From the standpoint of this being a documentation of historical events, more than anything else, I was fascinated to see the (usually clever, sometimes questionable) extent to which reporters like Woodward and Bernstein would cajole agreements to meet and then share information on the phone, in person, or in writing with various people; it was like a miniature course in human psychology in the framework of various competing institutions with different power structures, and this was evident not just in the conduct of the interview subjects but also in Woodward and Bernstein themselves. That said, there were a few instances were their conduct went beyond the point of being questionable, becoming sleazy or even straddling the line of legality, and while these instances were discussed, they weren't given the same gravity as the corrupt behavior of government officials that they were uncovering; from their perspective, it makes sense as they would of course cast themselves in their own story as sympathetic protagonist reporters going up against a corrupt and vile group of people in a powerful institutions, but I would have liked to see more of this (though maybe other accounts from this era from other reporters would go further in depth). Overall, I really enjoyed reading this, and would recommend this to anyone interested in the political situation then or now. Follow the jump to see a few more brief thoughts about this book in the context of the current political situation in the US.

2009-08-08

"Judge Sonia, I Just Met a Judge named Judge Sonia" - Jon Stewart

Yes, that quote is from Jon Stewart from a recent The Daily Show episode. Jon Stewart is godly.
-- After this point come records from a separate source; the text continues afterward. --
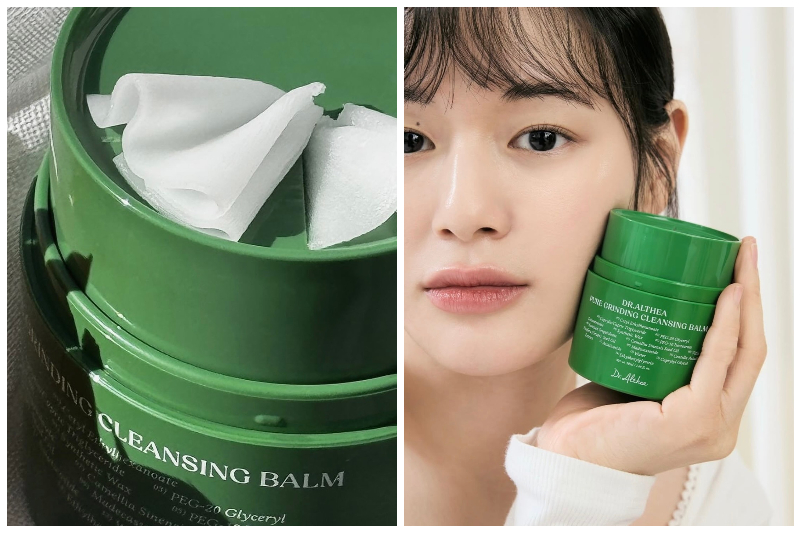 Sáp tẩy trang Dr. Althea Pure Grinding Cleansing Balm làm sạch sâu nhưng dịu nhẹ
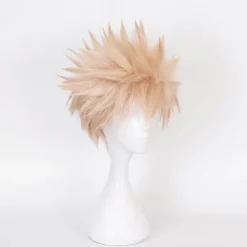 Cosplay akugou Katsuki Kort Peruk My Hero Academia U5S0 aku Hjälte lond><noscript><img width=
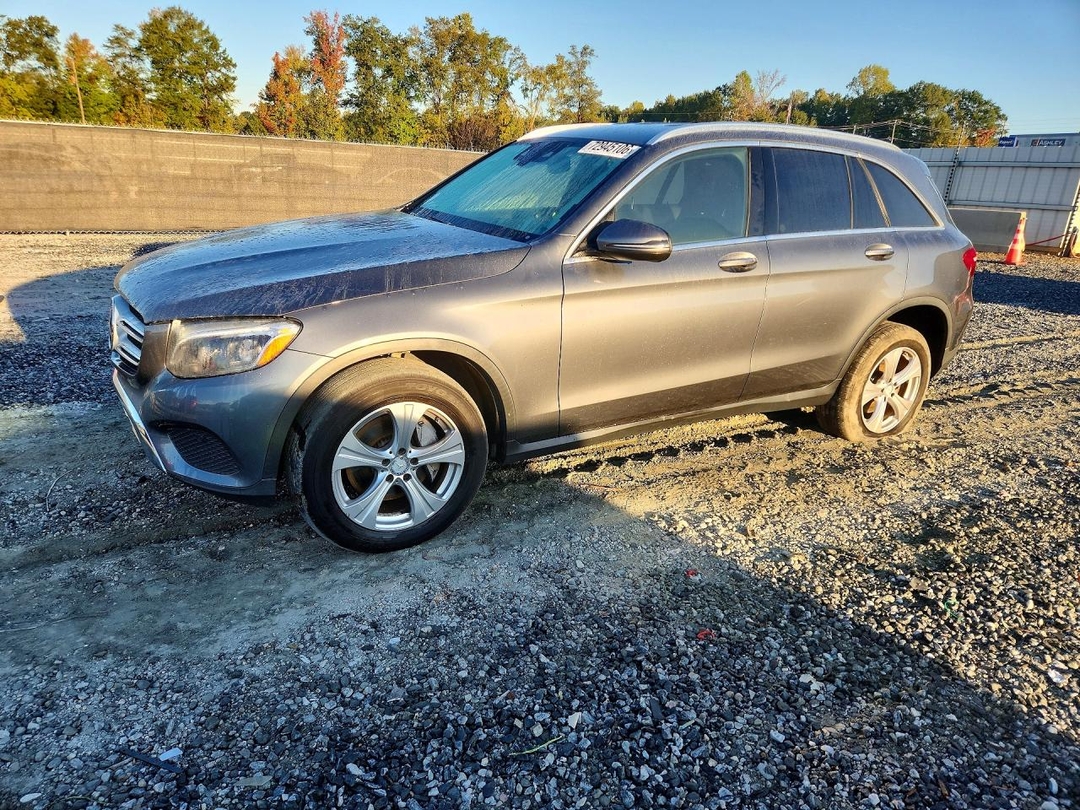 Vedere 2016 MERCEDES-BENZ GLC 300, unghi 1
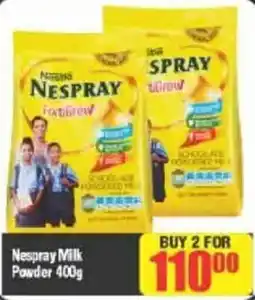 Big Save Nespray Milk Powder offer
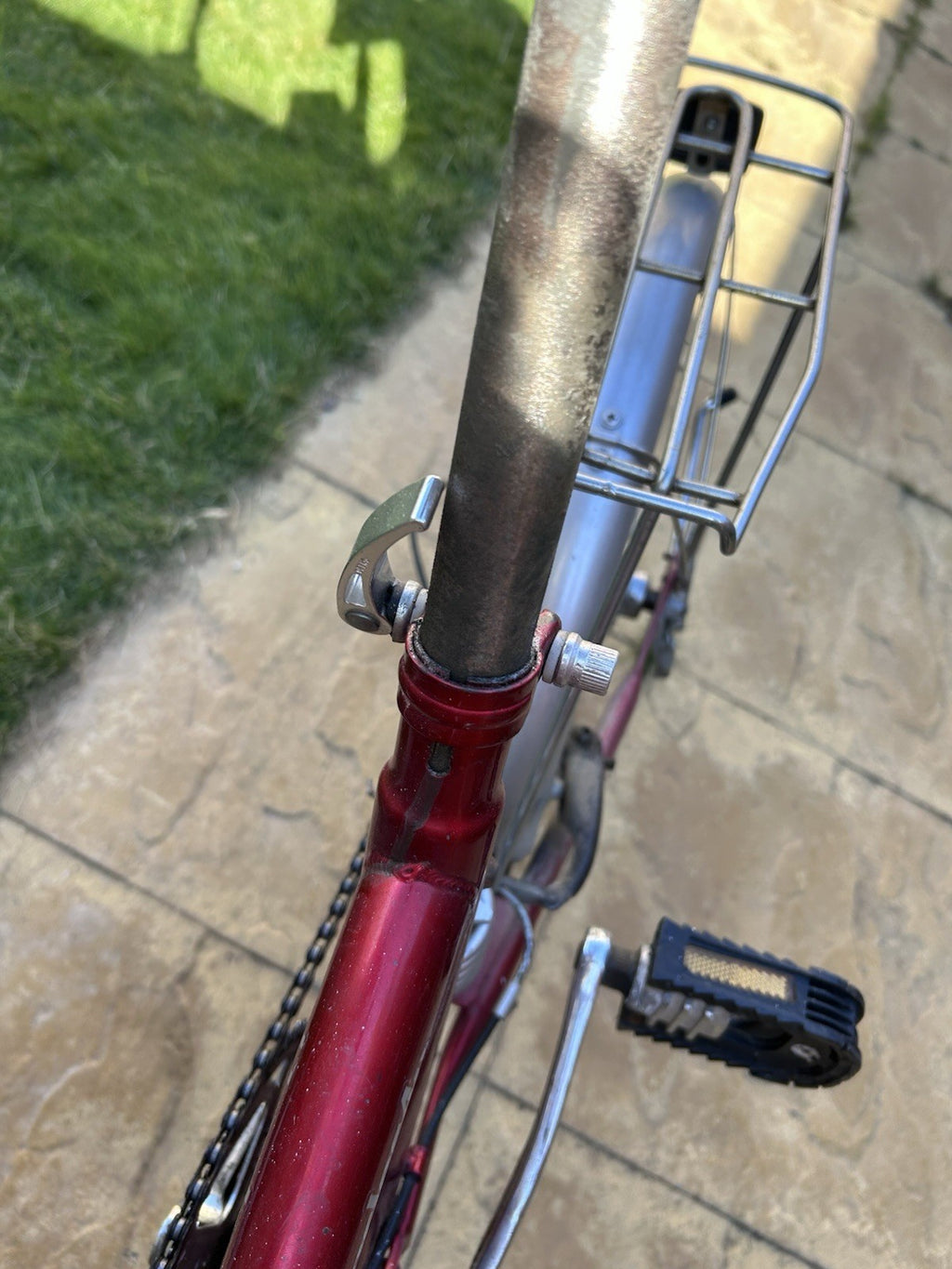 Folding Bike Unisex Adults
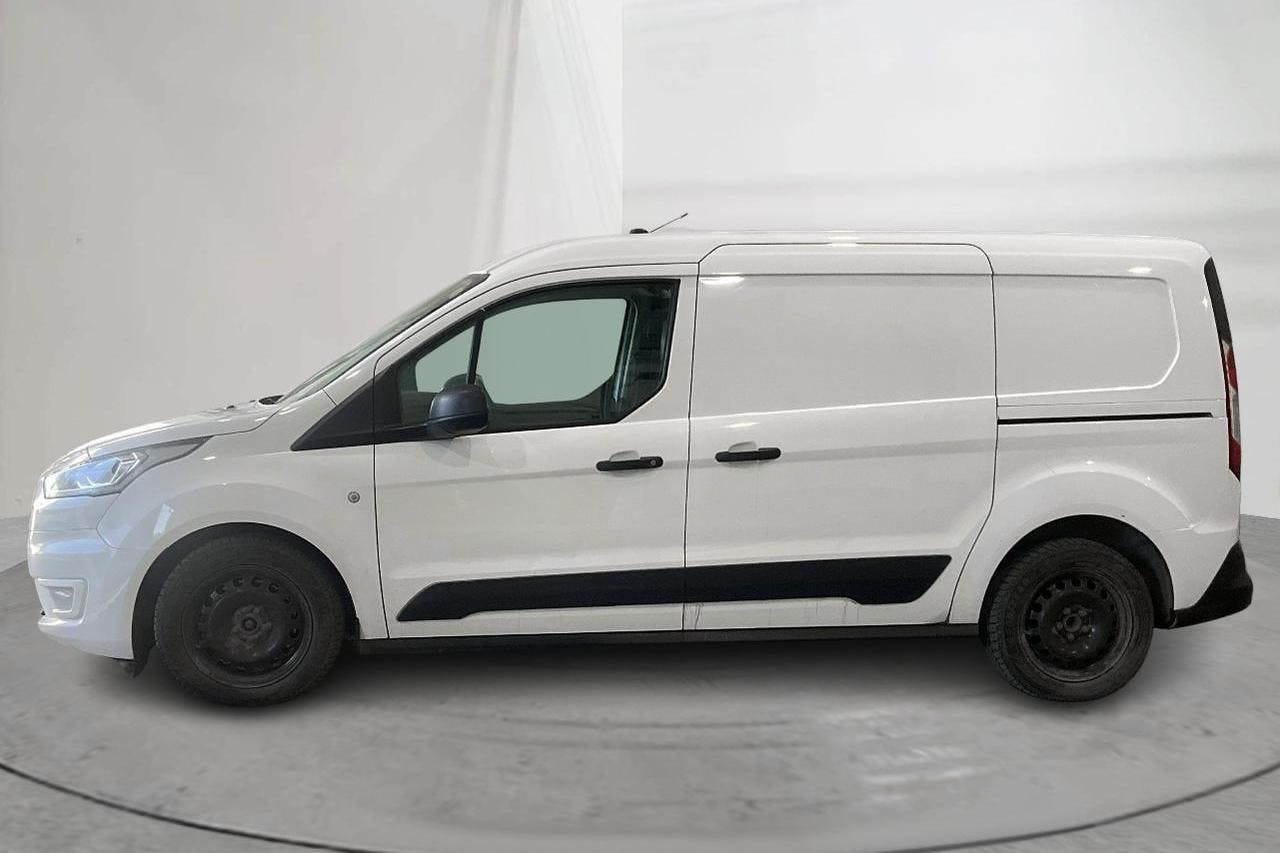 Ford Transit Connect 1.5 EcoBlue (100hk) - 235 250 km - Automaattinen - valkoinen - 2019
So one of the big news items of this week is Sonia Sotomayor's successful confirmation hearing and confirmation. I got a few things from both sides of the Senate aisle when hearing about the sessions.
It seems like Sotomayor is an eminently qualified judge on her own merits; she has exercised good judgment in interpreting the law for almost all cases, and she seems to be fairly moderate and not consistently judge according to one ideology.
I thought that the Republicans trying to paint her as a left-wing activist judge was rather unfair. That said, any judge who is not as ridiculously conservative as the current Republican party is automatically labeled like her. Furthermore, she has exercised remarkable restraint in general, especially so compared to the right-wing's own judicial hero, Antonin Scalia.
Also, their attempt to bring her down with her "wise Latina" comment was futile. Though her choice of words was rather poor in that it implied bias towards nonwhites rather than the idea that everyone invariably brings their own experiences to the table. This also tied in with President Obama's praise of her "empathy", which Republicans somehow mistook for "sympathy [to Democrats]". They also tried to play the victim by portraying the white American experience as the neutral background upon which all others should be judged, which all combined to portray them as a party of threatened old WASP males. Thankfully, this backfired and didn't affect public opinion of Sotomayor in the least bit. I'm somewhat disappointed that she had to distance herself from the praise of "empathy" just to placate the angry GOP.
To their credit, they really did scour her on the New Haven Firefighter case, because that seems to be her only controversial decision and one that may show how she might judge in the future. This is where the opposition in the Senate really did their jobs well (as per "advice and consent"), though a lot of it was still visceral opposition to her.
I was also disappointed that while Democrats seemed to stand behind her without much conflict, they couldn't really substantiate why she was eminently qualified for the job (though they did invoke her life's story several times). This is why I can't give such details here because no one ever mentioned them.

Then again, there seems to be a consensus that the "advice and consent" has turned into a circus (or a musical!).